Sa Majesté fera aussi pourvoir messire François Pitou de l’office de substitut du procureur general en la cour de parlement de Paris ; et à ces fins sera faite erection de nouveau dud. office ; et aprés le deceds dud. Pitou, en sera pourveu d’un de lad. Religion pretendue reformée.

XV, [14]^

Et advenant vaquation par mort de deux offices de maistres des requestes de l’hostel du roy, les premiers qui vaqueront, y sera pourveu par Sa Majesté de personnes de lad. Religion pretendue reformée que Sa Majesté verra estre propres et capables pour le bien de son service, et pour le prix de la taxe des parties casuelles. Et cependant sera ordonné qu’en chacun quartier il y ait deux maistres des requestes qui seront chargez de rapporter les requestes de ceux de lad. Religion.

XV, [15]^

Permet en outre Sa Majesté aux deputez de lad. Religion assemblez en lad. ville de Chastellerault de demeurer ensemble au nombre de dix en la ville de Saumur pour la poursuite de l’execution de son edict, jusqu’à ce que sond. edict soit verifié en la cour de parlement de Paris, nonobstant qu’il leur soit enjoint par led. edict de se separer promptement5, sans toutesfois qu’ils puissent faire au nom de lad. assemblée aucunes nouvelles demandes ni s’entremettre que de la solicitation de lad. execution, deputation et acheminement des commissaires qui seront pour ce ordonnez.
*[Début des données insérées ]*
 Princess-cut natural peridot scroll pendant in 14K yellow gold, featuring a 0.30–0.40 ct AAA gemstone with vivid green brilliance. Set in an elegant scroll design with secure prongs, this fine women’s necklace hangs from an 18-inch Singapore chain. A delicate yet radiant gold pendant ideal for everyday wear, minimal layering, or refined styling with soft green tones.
Et de tout ce que dessus, leur a Sa Majesté donné sa foy et parole par le present brevet, qu’elle a voulu signer de sa propre main et contresigner par nous ses secretaires (sic) d’Estat, voulant iceluy brevet leur valoir et avoir le mesme effet que si le contenu en iceluy estoit compris en un edict verifié en ses cours de parlement ; s’estans ceux de lad. Religion contentez, pour s’accommoder à ce qui est de son service et [à] l’estat de ses affaires, de ne la presser pas de mettre cette ordonnance en autre forme plus authentique, prenans cette confiance en la parole et bonté de Sa Majesté qu’elle les en fera jouir entierement. Ayant à cette fin commandé que toutes les expeditions et depesches qui seront necessaires pour l’execution de ce que dessus leur en soient expediées.

Ainsi signé : HENRY, et plus bas : FORGET.


2 Dans E1, l’expression “ Religion pretendue reformée ” est toujours abrégée en “ Religion P. Reformée ”, comme dans le brevet des pasteurs, pour les raisons qui ont été indiquées (n° XIV, note 2). Dans E2, à partir de l’article 11, elle est abrégée en “ R.P.R. ”.
3 Cf. n° XII, art. 11 (Metz étant ville d’évêché), et n° XIII, art. 9.